More than 80 people were killed and hundreds of others injured in Khan Sheikhun.

Assad says reports were fabricated

Meanwhile, Syrian president Bashar al-Assad said that reports of a chemical weapons attack were “fabricated” and that “there was no order to make any attack.”

Speaking to AFP, Assad claimed it was “not clear whether it happened or not, because how can you verify a video? You have a lot of fake videos now.”

“We don’t know whether those dead children were killed in Khan Sheikhun. Were they dead at all? Who committed the attack if there was an attack?”

Syrian president Bashar al-Assad

“Our impression is that the west, mainly the United States, is hand-in-glove with the terrorists. They fabricated the whole story in order to have a pretext for the attack,” Assad said, referring to the April 7 Tomahawk cruise missile attack on al-Shayrat airbase ordered by US President Donald J Trump.

Assad further claimed that the Syrian government has never used chemical weapons.

“We don’t have any chemical weapons, we gave up our arsenal a few years ago,” he said. “Even if we have them, we wouldn’t use them and we have never used our chemical arsenal in our history.”

Russia, Assad’s strongest ally, has not denied that people in Khan Sheikhun were killed by chemical weapons. Moscow instead claims that the gas was released after Syrian government airstrikes hit a rebel weapons warehouse.
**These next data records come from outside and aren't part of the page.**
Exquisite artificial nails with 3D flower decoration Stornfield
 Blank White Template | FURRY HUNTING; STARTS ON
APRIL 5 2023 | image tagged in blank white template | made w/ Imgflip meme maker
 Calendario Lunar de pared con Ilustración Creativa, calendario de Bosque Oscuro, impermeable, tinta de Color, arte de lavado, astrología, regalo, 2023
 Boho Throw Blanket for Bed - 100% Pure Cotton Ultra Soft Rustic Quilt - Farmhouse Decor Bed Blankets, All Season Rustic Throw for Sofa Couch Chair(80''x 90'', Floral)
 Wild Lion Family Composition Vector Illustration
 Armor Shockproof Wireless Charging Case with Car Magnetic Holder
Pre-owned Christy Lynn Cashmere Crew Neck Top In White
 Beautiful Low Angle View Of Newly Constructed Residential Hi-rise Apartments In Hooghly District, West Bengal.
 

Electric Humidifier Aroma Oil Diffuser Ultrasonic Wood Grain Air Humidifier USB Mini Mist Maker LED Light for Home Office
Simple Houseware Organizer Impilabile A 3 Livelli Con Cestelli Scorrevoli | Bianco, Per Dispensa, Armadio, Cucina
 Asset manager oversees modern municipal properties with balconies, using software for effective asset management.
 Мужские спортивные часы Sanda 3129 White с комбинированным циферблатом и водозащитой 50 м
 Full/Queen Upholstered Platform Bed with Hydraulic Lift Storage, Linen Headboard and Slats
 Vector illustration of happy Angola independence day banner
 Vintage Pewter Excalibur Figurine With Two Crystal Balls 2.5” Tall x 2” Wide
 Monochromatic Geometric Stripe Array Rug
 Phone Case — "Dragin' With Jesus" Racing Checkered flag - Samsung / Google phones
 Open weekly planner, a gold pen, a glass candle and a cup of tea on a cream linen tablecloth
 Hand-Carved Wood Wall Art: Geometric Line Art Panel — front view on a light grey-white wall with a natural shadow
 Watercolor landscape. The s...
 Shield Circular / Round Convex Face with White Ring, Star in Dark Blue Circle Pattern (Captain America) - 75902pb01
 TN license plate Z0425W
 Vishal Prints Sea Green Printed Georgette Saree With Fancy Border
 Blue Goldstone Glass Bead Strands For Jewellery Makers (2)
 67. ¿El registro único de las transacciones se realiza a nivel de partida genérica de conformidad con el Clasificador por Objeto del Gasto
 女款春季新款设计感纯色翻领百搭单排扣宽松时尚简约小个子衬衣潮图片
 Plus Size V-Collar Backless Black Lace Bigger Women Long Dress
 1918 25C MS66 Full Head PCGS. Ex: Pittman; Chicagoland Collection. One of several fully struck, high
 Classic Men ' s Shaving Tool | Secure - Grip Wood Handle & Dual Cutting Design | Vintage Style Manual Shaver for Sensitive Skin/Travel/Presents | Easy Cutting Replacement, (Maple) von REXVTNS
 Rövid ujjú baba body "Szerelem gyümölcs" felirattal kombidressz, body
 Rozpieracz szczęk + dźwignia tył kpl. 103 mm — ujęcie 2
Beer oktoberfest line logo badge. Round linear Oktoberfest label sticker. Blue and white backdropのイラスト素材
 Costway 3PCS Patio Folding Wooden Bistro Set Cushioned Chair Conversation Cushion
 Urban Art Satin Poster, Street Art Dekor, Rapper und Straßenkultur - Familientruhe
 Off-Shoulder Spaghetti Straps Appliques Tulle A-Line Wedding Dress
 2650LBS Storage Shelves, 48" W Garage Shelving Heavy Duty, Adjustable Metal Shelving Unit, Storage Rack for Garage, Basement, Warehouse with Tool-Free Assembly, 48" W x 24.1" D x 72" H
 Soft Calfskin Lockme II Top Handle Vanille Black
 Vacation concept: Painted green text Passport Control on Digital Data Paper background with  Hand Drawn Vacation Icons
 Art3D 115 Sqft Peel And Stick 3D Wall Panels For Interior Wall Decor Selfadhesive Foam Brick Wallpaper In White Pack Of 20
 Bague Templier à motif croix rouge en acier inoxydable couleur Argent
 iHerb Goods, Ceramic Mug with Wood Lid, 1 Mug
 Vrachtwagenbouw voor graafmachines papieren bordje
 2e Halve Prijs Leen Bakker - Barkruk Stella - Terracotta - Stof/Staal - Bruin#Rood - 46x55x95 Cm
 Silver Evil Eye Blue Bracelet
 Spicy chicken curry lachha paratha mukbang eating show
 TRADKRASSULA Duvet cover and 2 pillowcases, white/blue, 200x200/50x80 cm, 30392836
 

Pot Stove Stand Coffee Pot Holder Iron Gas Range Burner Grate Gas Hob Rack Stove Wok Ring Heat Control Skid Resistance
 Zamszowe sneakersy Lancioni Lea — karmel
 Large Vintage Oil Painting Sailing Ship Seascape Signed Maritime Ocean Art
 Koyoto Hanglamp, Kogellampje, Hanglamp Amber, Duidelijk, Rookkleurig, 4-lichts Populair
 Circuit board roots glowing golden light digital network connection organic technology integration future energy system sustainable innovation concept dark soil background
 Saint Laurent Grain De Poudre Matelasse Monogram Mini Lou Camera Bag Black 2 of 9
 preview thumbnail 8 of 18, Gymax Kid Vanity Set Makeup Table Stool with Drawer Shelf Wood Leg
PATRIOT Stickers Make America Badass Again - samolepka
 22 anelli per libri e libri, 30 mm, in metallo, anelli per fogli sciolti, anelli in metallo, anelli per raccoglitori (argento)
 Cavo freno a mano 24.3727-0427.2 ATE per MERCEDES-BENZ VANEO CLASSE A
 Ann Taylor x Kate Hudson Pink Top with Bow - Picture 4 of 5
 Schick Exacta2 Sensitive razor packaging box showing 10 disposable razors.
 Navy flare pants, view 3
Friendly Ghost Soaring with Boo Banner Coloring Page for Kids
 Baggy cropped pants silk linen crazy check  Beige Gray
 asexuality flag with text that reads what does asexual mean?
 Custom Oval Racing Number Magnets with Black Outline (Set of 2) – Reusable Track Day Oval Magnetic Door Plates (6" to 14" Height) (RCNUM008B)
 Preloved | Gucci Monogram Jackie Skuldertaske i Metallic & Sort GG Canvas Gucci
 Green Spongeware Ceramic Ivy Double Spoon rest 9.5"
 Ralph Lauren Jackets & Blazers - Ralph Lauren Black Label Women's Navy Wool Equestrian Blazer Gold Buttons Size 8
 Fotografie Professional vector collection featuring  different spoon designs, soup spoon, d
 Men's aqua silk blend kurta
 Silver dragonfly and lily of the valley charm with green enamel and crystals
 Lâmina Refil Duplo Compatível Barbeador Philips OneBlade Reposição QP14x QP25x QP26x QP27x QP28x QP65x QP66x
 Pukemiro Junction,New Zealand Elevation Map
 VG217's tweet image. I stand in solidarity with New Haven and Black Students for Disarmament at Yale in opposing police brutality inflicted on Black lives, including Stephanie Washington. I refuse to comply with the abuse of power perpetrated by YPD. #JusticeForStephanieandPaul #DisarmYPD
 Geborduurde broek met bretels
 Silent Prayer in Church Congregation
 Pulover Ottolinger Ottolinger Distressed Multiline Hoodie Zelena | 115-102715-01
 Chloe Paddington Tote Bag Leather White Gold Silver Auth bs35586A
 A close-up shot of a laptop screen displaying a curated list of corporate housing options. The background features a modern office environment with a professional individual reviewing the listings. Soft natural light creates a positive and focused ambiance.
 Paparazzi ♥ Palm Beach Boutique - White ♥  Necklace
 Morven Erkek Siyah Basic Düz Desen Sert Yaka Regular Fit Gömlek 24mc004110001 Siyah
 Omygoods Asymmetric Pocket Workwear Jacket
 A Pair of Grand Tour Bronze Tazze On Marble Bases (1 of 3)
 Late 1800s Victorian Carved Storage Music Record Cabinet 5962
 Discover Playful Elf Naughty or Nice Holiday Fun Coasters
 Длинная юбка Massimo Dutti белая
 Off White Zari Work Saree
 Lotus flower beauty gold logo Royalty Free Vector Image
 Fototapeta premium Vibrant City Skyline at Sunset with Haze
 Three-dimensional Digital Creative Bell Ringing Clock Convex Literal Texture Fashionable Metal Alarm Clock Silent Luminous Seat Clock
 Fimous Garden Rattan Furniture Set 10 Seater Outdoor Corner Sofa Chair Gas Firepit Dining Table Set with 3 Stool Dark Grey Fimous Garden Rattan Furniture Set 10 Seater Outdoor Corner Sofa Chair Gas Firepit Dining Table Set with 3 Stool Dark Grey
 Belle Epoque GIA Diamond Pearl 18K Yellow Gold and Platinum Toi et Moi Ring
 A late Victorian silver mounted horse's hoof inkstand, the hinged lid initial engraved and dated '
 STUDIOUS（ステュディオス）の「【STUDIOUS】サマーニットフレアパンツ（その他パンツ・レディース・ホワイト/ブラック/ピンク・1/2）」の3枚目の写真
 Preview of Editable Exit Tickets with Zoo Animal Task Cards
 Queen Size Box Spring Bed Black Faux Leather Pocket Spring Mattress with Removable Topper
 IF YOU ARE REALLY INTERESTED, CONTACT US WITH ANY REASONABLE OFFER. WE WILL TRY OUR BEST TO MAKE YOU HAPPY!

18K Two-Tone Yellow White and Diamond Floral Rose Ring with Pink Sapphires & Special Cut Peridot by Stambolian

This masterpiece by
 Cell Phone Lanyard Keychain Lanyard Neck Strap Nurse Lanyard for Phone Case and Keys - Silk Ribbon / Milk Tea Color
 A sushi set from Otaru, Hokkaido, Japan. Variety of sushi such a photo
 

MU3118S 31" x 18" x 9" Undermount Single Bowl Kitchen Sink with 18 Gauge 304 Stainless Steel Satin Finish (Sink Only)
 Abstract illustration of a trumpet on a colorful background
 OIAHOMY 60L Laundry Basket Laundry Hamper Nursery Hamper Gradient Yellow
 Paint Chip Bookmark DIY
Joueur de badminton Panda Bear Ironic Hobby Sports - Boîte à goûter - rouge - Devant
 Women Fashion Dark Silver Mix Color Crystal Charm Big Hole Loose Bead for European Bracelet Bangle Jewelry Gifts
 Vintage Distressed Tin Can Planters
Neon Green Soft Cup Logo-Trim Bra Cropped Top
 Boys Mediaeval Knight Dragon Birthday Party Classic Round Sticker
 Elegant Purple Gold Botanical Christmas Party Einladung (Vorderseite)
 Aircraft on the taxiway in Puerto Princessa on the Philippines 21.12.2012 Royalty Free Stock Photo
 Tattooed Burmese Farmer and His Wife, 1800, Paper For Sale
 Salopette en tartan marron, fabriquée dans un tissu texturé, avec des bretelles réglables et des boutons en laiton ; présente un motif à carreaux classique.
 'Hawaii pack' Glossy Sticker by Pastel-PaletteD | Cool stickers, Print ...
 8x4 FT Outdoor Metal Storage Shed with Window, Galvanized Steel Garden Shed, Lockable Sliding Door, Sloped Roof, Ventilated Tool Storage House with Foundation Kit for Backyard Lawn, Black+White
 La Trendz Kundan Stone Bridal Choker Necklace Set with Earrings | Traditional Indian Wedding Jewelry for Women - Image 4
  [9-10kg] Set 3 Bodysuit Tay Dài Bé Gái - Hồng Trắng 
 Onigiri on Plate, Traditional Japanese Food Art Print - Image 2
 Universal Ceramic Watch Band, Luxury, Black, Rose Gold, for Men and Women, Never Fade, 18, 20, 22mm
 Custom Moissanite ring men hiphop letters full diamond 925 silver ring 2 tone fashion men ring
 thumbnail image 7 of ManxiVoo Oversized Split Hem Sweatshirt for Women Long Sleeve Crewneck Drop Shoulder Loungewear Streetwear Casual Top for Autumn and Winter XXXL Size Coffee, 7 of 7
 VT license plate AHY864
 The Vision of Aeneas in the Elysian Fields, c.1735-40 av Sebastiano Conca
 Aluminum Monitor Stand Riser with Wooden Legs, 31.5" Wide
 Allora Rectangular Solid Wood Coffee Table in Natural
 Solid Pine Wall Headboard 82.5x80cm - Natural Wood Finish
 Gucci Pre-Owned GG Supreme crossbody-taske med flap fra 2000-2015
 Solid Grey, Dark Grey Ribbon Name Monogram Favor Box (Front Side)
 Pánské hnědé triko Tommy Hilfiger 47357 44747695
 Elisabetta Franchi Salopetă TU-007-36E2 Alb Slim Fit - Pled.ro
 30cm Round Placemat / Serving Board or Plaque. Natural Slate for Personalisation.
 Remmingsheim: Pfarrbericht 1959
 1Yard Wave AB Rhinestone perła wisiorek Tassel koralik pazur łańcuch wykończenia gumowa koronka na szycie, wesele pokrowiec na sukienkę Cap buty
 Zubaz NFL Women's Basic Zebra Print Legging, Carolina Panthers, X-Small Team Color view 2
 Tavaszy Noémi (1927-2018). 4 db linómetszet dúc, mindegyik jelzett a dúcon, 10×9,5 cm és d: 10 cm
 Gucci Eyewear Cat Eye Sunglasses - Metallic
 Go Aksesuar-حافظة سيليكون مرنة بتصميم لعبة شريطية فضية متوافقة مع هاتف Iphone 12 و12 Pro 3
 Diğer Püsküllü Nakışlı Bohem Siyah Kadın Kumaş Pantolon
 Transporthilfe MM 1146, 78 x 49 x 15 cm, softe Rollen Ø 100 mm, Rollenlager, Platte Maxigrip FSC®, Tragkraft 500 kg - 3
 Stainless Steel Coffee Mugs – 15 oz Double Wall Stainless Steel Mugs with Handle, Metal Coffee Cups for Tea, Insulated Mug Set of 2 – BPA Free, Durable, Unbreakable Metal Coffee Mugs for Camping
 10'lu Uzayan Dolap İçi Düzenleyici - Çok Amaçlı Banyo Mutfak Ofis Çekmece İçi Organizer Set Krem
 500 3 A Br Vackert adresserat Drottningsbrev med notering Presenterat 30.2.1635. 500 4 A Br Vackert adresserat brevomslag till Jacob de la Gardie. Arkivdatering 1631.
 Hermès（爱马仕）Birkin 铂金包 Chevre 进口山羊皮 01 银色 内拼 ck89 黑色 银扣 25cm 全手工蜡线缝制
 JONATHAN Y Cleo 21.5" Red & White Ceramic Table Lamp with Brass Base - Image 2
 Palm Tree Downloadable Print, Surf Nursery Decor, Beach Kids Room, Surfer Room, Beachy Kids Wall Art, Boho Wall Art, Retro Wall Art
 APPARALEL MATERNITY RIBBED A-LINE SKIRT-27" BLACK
On April 12, Russia vetoed a UN Security Council resolution demanding Syria cooperate with a UN inquiry into the attack. Bolivia also voted against while China, Ethiopia and Kazakhstan abstained.

Assad told AFP he would “only allow any investigation when it’s impartial, when we make sure that unbiased countries will participate in this delegation in order to make sure that they won’t use it for politicised purposes.”